Cooperation is also growing between terrorist groups and narco-traffickers, who use Paraguay as a transit point for drugs on their way to Western markets.
The US Treasury has repeatedly sought to address this threat by targeting Hezbollah’s financiers and companies in the region, but any success will be limited without full support from local authorities.
Hezbollah presence in Paraguay is well documented. US interest in the TBA began at the end of the 1990s and culminated, in 2006, with US Treasury designating nine individuals and two corporate entities: the Galeria Pagé shopping center and Casa Hamze, a business inside it owned by the US-sanctioned Hamzi Ahmad Barakat. Galeria Pagé is still there – it has been renamed Galeria Uniamerica, although street currency-traders serving its shops still wear its distinctive turquoise T-shirts. According to local officials, Mohammad Tarabain Chamas, the center’s US-sanctioned manager, is still running it.

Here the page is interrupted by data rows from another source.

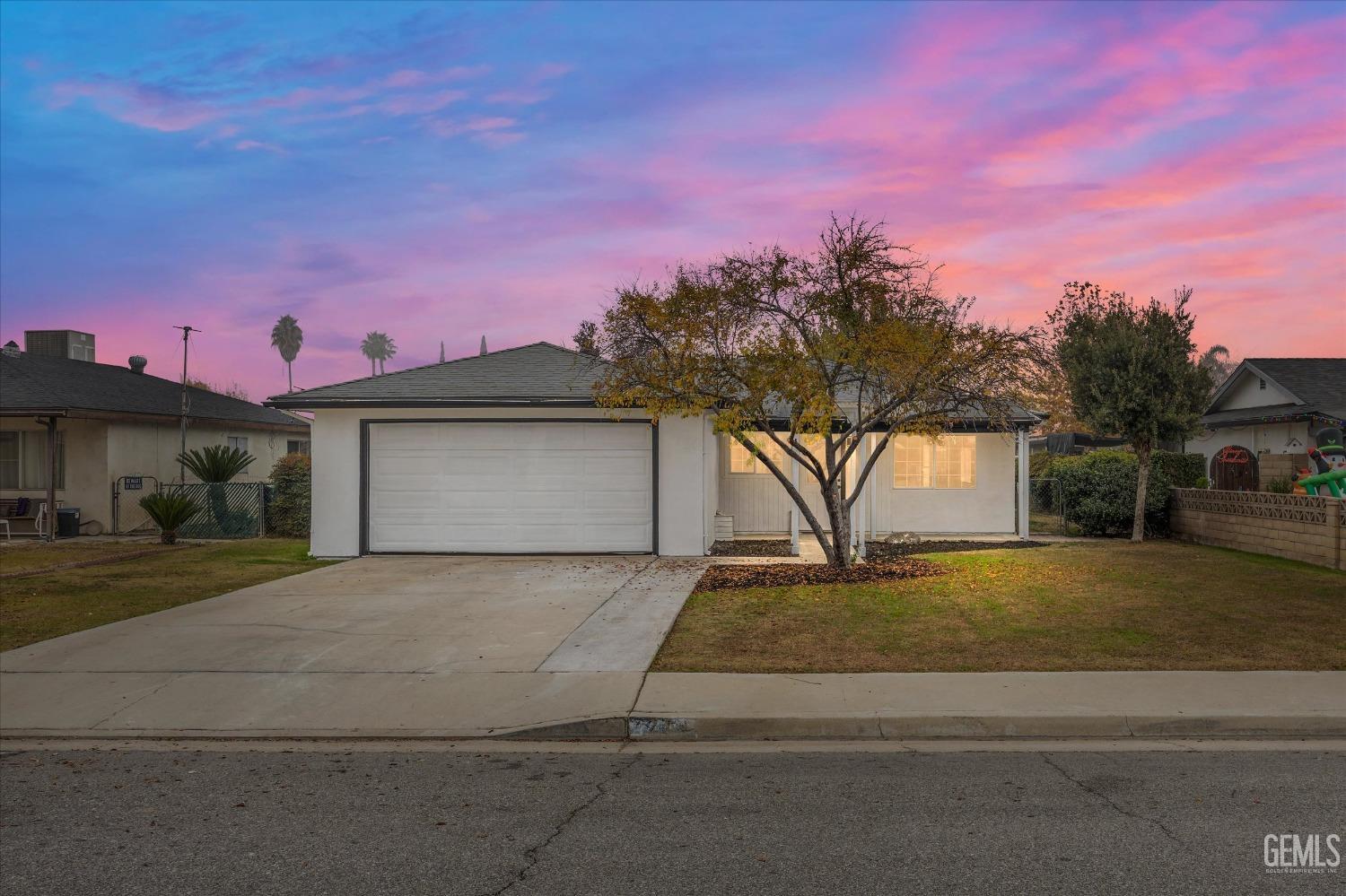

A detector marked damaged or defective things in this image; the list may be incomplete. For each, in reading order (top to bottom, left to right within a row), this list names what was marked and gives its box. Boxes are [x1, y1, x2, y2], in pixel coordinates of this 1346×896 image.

road crack [482, 748, 643, 888]
road crack [1039, 748, 1190, 850]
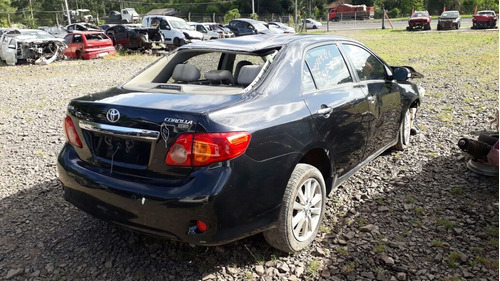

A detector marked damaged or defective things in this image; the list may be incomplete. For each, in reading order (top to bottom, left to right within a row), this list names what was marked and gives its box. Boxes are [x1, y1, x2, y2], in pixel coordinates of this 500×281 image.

damaged car [0, 29, 66, 65]
damaged car [104, 24, 165, 50]
damaged car [58, 34, 424, 253]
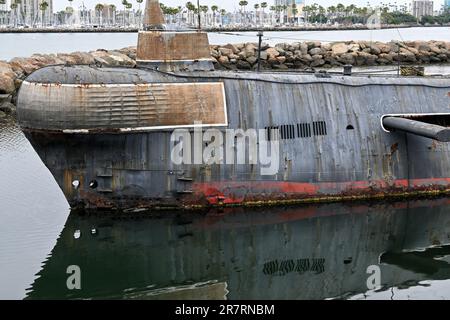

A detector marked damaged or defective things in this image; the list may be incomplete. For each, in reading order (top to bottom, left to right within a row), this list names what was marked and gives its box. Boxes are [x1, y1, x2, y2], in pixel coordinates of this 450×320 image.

corroded metal panel [136, 31, 214, 62]
corroded metal panel [18, 81, 227, 131]
rusted submarine hull [17, 65, 450, 210]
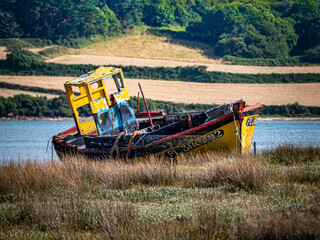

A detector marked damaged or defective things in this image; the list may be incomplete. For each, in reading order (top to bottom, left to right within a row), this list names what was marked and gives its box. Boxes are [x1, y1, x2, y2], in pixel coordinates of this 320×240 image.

rusted metal frame [138, 82, 154, 131]
rusted metal frame [145, 112, 232, 148]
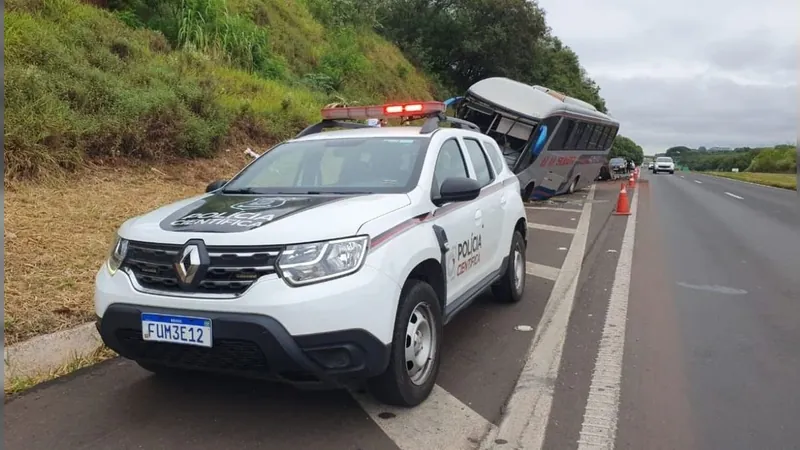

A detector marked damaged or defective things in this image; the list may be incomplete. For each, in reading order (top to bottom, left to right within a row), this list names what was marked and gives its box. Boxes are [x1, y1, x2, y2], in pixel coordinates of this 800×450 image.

crashed bus [446, 77, 620, 200]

As for Barakat, he continued his business activities until he was arrested in Brazil in 2013, not for terrorism financing but on fraud charges. That arrest suggests the 2006 terrorist designation cut him off from the US financial system, but still allowed him to continue to operate his businesses from Paraguay with impunity. It took a set of financial crimes in Brazil for authorities to take action against him.

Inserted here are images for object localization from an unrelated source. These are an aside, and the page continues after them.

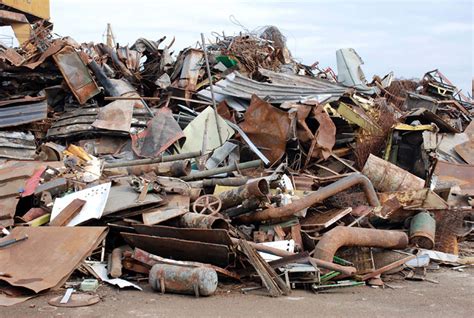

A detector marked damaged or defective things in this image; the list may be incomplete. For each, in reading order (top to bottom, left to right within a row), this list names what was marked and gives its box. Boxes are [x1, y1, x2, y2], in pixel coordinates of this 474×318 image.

rusty metal sheet [52, 45, 99, 104]
rusty metal sheet [91, 100, 135, 133]
rusty metal sheet [133, 108, 187, 158]
rusty metal sheet [239, 94, 290, 164]
rusty metal sheet [452, 141, 474, 165]
rusted tank [218, 179, 268, 211]
corroded pipe [218, 179, 268, 211]
corroded pipe [239, 173, 380, 222]
rusted tank [237, 173, 382, 222]
rusty metal sheet [362, 154, 426, 191]
rusty metal sheet [432, 160, 474, 195]
rusty metal sheet [0, 226, 107, 294]
rusty metal sheet [119, 232, 229, 268]
rusty metal sheet [133, 224, 231, 246]
rusted tank [178, 212, 230, 230]
corroded pipe [231, 237, 358, 274]
rusted tank [312, 227, 410, 262]
corroded pipe [312, 226, 410, 264]
rusted tank [410, 212, 436, 250]
rusted tank [149, 264, 218, 296]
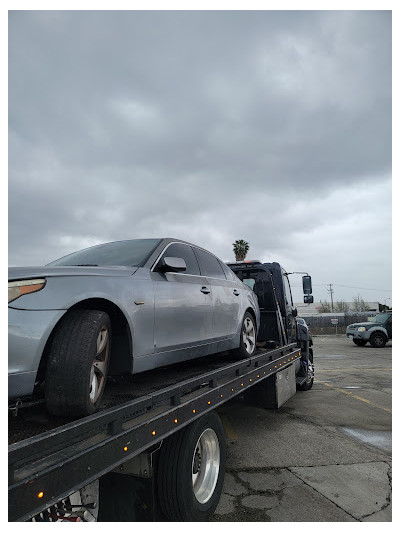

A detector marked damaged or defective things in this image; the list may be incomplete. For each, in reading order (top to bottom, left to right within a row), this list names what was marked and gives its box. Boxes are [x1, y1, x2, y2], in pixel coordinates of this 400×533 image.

cracked pavement [212, 334, 390, 520]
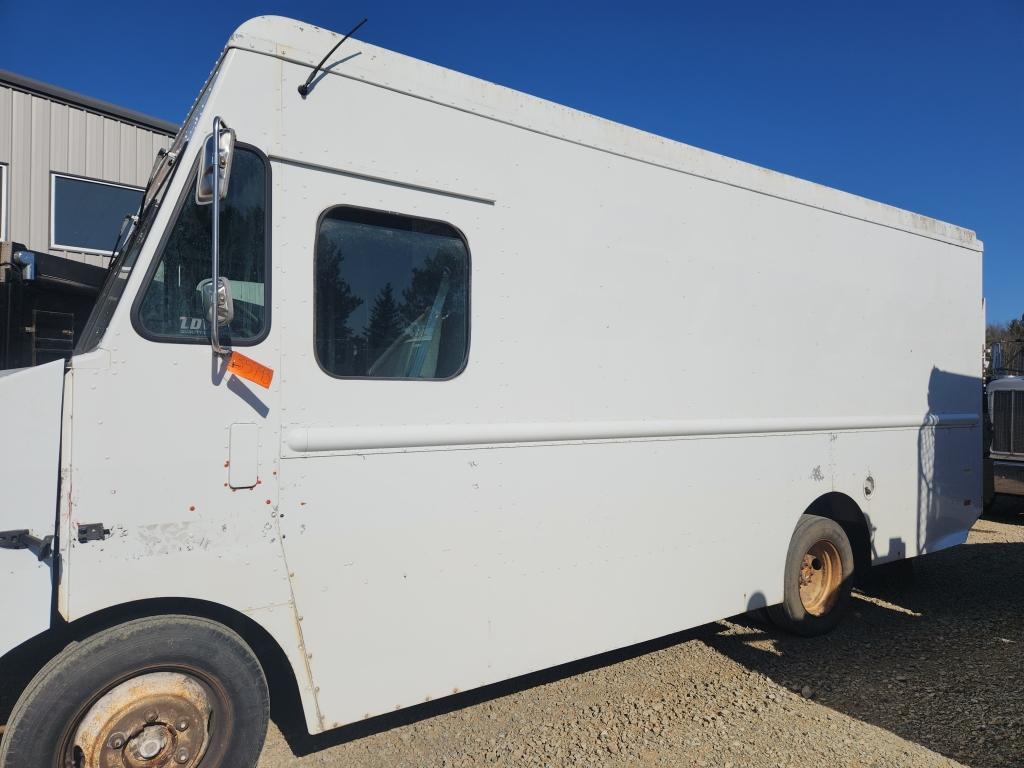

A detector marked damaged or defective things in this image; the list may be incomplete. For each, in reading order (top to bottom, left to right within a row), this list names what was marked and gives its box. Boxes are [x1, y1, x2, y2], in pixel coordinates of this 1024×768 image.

rusty wheel rim [794, 540, 843, 618]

Barakat and Tarabain are not the only ones to have sought sanctuary in the lax environment of the Paraguay-Brazil border areas. The Treasury has described Sobhi Mahmoud Fayad as a senior Hezbollah official in the TBA who served as a liaison between the Iranian embassy and “Hezbollah community” there. Fayad was also sanctioned in 2006 for engaging in financial activities involving illicit drugs and counterfeit dollars. Still, a decade later, he freely comes and goes between Paraguay and Lebanon.

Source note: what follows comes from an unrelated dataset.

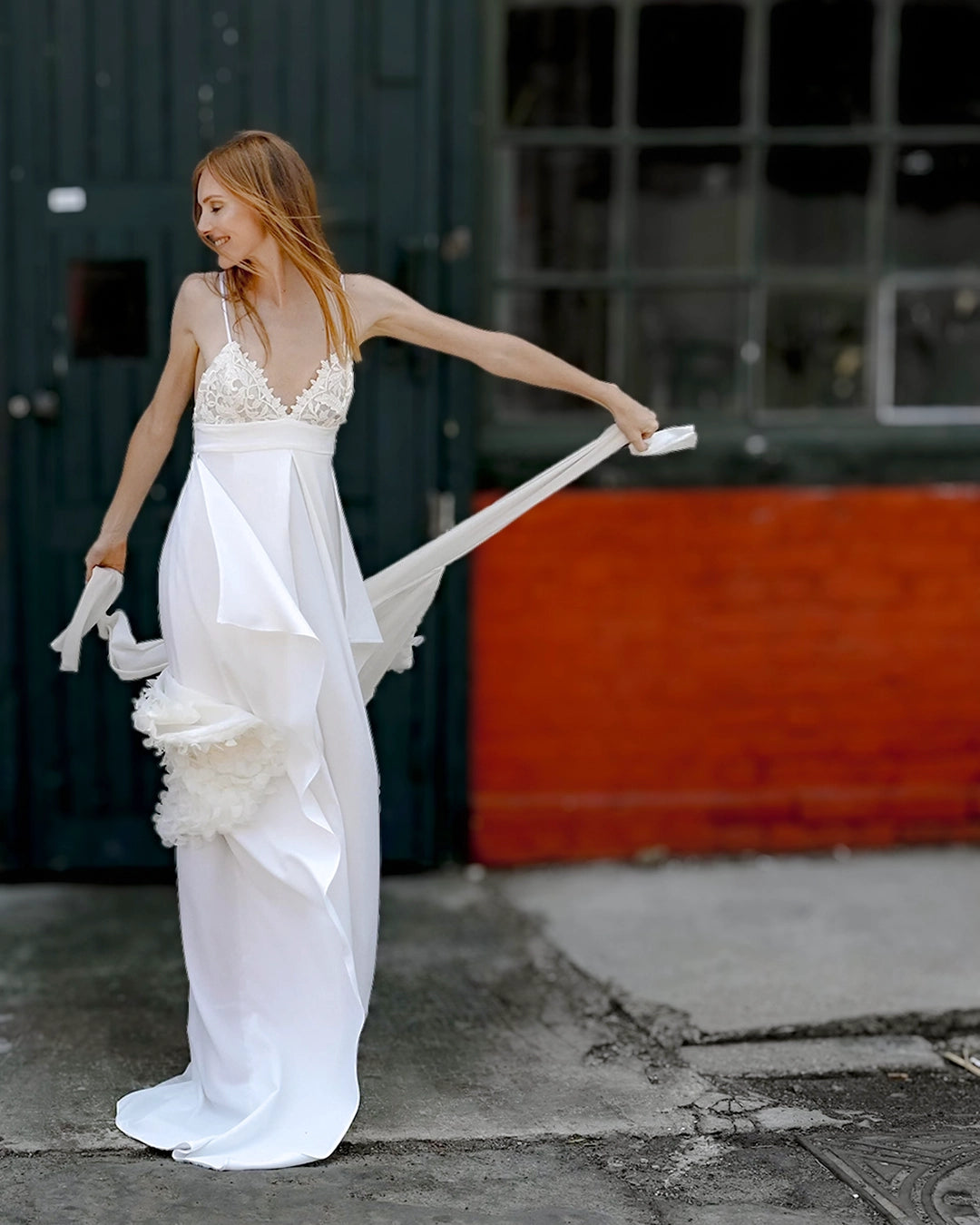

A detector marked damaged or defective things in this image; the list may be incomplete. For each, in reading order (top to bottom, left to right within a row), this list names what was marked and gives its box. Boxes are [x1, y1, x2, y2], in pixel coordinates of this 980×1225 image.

cracked pavement [2, 853, 980, 1220]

Prime Minister Benjamin Netanyahu should ask Cartes why Hezbollah financiers still freely operate in Paraguay.
Its parliament, after all, has passed a terrorism finance law which empowers its authorities to prosecute Hezbollah’s financial activities in the TBA.
The government must now enforce it, particularly given Hezbollah’s growing reliance on trade in the TBA to launder drug revenues on behalf of narco-traffickers.
Less than two months ago, Brazilian drug baron and fugitive Jorge Rafaat Toumani was gunned down by a commando in the center of a violent Paraguayan border town. The gun battle involved dozens of fighters using anti-aircraft guns to assassinate the fugitive in his armored car. Toumani’s assassination has been attributed to ongoing turf wars between rival drug cartels in Eastern Paraguay. Less known is that Toumani is believed to have had close associations with local members of the Lebanese merchant community, whose mosque in the nearby Brazilian town of Ponta Pora is a hub of Hezbollah activity and whose members have established links with Iran’s regime.
For Paraguay, fighting the connection between terrorism and organized crime should be a matter of national security. Its interests coincide with Israel’s desire to see Hezbollah’s illicit finance cut off completely. Yet Hezbollah’s activities in the country continue undisturbed, thanks in no small measure to the corruption and collusion of local officials and politicians.
Given the growing prospects for a future military showdown between Israel and Hezbollah, Jerusalem should ask Paraguay to be more proactive against Hezbollah’s activities in its own backyard.
The author is a Senior Fellow at the Foundation for Defense of Democracies.